Magazine Prints Extraordinary Attack on LeninJOHN-THOR DAHLBURG , Associated Press
Jun. 28, 1989 6:45 PM ET
MOSCOW (AP) _ Through all the twists of glasnost, one figure in Soviet history has stood above criticism: Vladimir Ilych Lenin. But an official magazine now has breached that taboo with a vehement attack on the man who led the communists to power in Russia.
''Lenin - all victories of the party and the state are linked with the name of Lenin,'' wrote Vasily Grossman in a work published posthumously in the June issue of the Oktyabr literary magazine. ''But all cruelty committed in the country has become the tragic burden of Vladimir Ilych.''
Grossman charges that Soviet political terror and dictatorship were begun by Lenin and not by his successor, Josef Stalin, as Communist Party doctrine has maintained since 1956.
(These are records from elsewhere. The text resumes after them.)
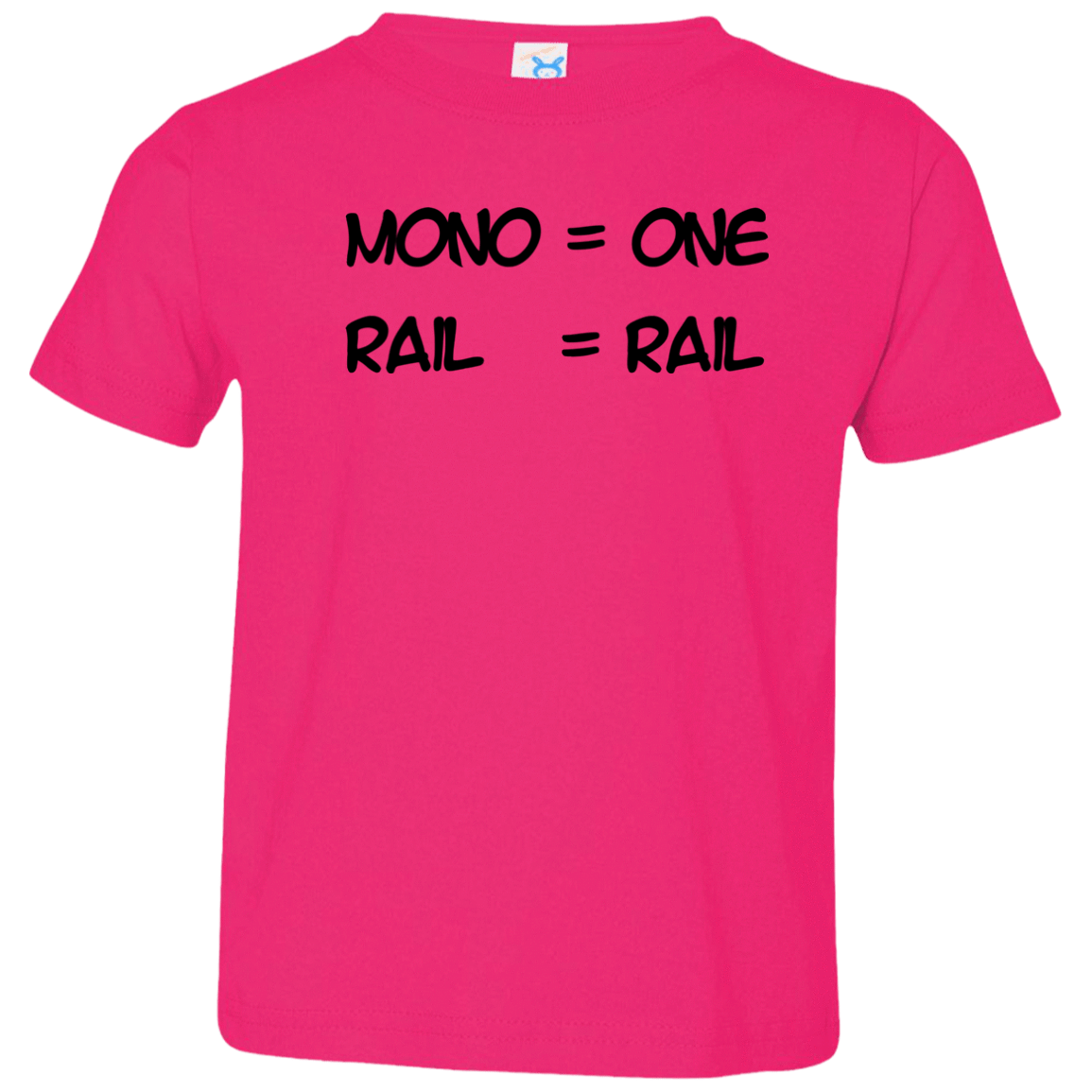 T-Shirts Hot Pink / 2T Mono Toddler Premium T-Shirt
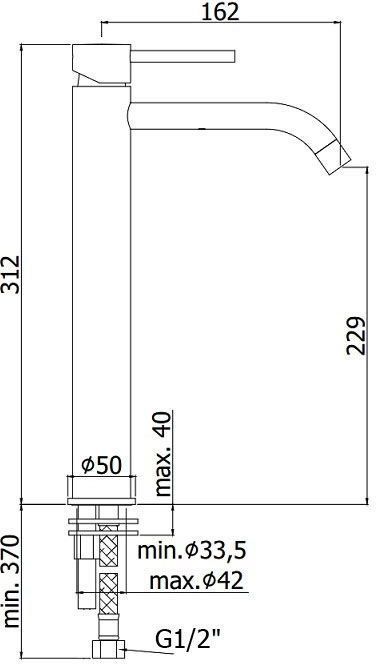 Смеситель для раковины Paffoni Light LIG081HG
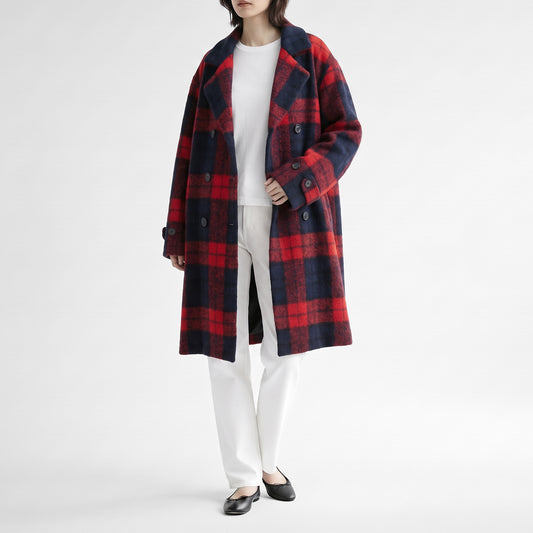 26AW SARAHWEAR バッファローチェック マッキノーコート C60278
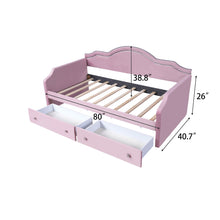 Load image into Gallery viewer, Upholstered Daybed With LED Lights And 2 Drawersme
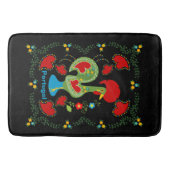 Tapis De Bain Rooster portugais de la chance en vert (Devant)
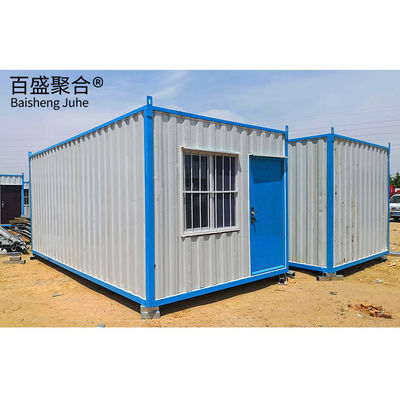 Gewerbliche vorgefertigte verstärkte mobile Lagerhäuser Flat Pack Container Homes Q235 Q235B Q355 Q355B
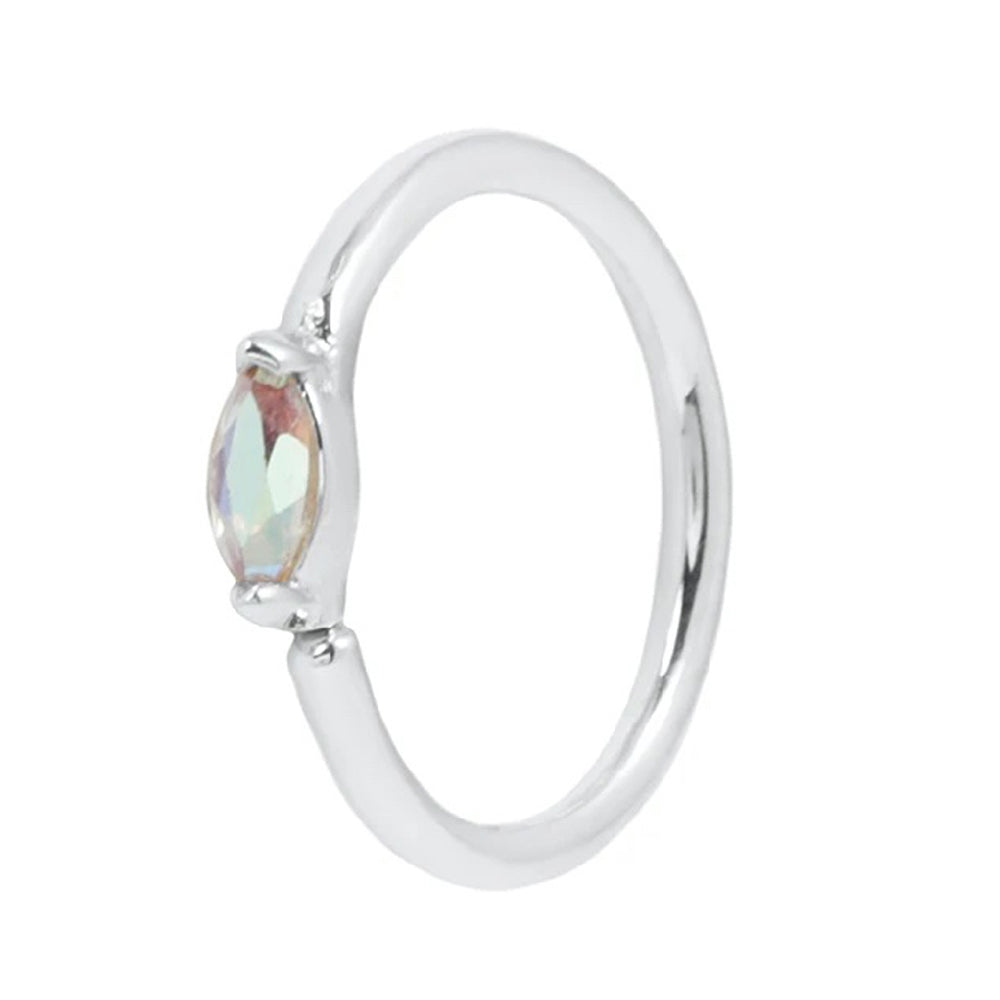 "Zuri" Seam Ring in Gold with Mercury Mist Topaz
By printing the Ukrainian-born writer's short novel ''Forever Flowing'' in the Soviet Union for the first time, the monthly implicitly questions President Mikhail S. Gorbachev's often-stated view that the nation needs only to shake off the totalitarian heritage of Stalinism and return to true Leninist ways to construct a democracy in which the liberty of each citizen is respected.
''Bolsheviks did not believe in the value of personal freedom, freedom of speech and press,'' wrote Grossman. ''They, like Lenin himself, considered those freedoms which were a dream for many revolutionary workers and intelligentsia as ... insignificant.''
Soviet writers, including Alexander Solzhenitsyn, often have used the novel form to comment on real issues.
''Forever Flowing'' was published in Frankfurt in 1970, six years after Grossman's death. It apparently circulated earlier in the Soviet Union as part of the genre of underground literature known as ''samizdat.''
Lenin, who steered the Bolsheviks to power in the 1917 Russian Revolution, was elevated to near divine status by the Kremlin following his death in 1924. His writings and thought have served since as a touchstone and bible for Communists, Gorbachev among them.
The Soviet founder's preserved body lies in a shrine-like mausoleum at the Kremlin wall, and people lining up daily to wait their turn for a glimpse at the remains have worn a path across the the cobblestones of Red Square.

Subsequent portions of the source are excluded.